▸ **TASK OBJECTIVE**
Scan the records for the word "Heart". Return each line where it is found.

▸ **DATA EXTRACTS**
::::::

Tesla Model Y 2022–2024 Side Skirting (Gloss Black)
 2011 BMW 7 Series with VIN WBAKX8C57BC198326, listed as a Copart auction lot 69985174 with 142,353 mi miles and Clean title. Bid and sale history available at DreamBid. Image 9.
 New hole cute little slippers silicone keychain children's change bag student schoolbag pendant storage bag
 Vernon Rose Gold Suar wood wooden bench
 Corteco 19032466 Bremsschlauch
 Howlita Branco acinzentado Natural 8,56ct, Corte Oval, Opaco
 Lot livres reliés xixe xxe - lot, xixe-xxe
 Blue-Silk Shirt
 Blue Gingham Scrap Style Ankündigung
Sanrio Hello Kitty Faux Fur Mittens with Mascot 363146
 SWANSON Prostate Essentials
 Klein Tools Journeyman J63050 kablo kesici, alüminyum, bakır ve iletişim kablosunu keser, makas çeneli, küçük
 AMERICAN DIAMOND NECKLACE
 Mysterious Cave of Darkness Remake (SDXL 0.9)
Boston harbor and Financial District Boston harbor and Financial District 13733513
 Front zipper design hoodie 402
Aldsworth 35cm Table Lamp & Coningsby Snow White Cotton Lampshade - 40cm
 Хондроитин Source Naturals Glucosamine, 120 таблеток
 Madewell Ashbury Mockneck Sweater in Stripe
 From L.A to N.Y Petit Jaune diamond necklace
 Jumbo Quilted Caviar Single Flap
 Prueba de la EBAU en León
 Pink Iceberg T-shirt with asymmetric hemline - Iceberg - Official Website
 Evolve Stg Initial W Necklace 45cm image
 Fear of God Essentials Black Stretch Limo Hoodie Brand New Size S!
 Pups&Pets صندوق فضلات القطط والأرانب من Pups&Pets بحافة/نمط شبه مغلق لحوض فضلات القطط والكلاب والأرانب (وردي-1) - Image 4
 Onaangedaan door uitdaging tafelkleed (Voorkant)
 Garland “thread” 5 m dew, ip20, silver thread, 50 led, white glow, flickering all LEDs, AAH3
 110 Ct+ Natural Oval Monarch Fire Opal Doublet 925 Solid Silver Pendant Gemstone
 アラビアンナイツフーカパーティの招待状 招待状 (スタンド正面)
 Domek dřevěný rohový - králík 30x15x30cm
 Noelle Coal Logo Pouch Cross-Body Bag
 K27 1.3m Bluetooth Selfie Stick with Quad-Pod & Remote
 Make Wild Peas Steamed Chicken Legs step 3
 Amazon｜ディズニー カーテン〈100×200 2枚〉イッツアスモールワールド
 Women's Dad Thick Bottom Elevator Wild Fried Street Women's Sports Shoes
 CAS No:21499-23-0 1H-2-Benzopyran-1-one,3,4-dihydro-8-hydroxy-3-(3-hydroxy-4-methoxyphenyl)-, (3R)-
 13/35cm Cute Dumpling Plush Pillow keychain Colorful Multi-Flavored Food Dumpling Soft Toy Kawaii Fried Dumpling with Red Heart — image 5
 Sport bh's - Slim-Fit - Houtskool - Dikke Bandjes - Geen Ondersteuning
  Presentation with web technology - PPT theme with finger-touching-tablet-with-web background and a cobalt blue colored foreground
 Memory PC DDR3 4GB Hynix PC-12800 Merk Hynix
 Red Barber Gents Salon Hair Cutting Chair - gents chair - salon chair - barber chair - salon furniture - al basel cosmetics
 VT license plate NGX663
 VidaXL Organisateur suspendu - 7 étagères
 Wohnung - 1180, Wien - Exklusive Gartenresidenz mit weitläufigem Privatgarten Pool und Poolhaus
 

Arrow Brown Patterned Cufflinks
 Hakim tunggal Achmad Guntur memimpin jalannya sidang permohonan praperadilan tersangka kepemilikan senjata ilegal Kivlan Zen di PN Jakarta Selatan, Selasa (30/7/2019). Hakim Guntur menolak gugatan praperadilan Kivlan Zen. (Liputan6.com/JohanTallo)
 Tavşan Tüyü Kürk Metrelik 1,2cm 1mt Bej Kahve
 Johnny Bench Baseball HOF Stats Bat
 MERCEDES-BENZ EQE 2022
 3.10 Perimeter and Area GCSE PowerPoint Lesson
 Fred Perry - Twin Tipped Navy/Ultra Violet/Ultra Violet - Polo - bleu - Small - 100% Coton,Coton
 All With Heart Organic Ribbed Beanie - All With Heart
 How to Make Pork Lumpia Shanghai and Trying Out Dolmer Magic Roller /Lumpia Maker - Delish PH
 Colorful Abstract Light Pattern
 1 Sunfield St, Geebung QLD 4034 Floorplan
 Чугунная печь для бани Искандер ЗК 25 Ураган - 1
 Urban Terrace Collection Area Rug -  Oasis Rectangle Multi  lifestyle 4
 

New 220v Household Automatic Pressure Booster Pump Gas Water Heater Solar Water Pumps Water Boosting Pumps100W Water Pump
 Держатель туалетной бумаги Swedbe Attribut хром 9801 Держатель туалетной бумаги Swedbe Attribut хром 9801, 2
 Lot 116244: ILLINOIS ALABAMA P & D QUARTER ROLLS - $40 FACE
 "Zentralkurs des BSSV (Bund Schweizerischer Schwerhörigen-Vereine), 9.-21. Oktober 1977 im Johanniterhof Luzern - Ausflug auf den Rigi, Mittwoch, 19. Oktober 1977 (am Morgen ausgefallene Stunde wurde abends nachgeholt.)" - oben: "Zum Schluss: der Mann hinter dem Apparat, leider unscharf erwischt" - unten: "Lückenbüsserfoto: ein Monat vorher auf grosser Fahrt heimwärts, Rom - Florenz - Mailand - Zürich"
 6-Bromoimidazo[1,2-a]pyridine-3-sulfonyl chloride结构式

::::::

▸ **REPLY TO THE EXERCISE**
 13/35cm Cute Dumpling Plush Pillow keychain Colorful Multi-Flavored Food Dumpling Soft Toy Kawaii Fried Dumpling with Red Heart — image 5
 All With Heart Organic Ribbed Beanie - All With Heart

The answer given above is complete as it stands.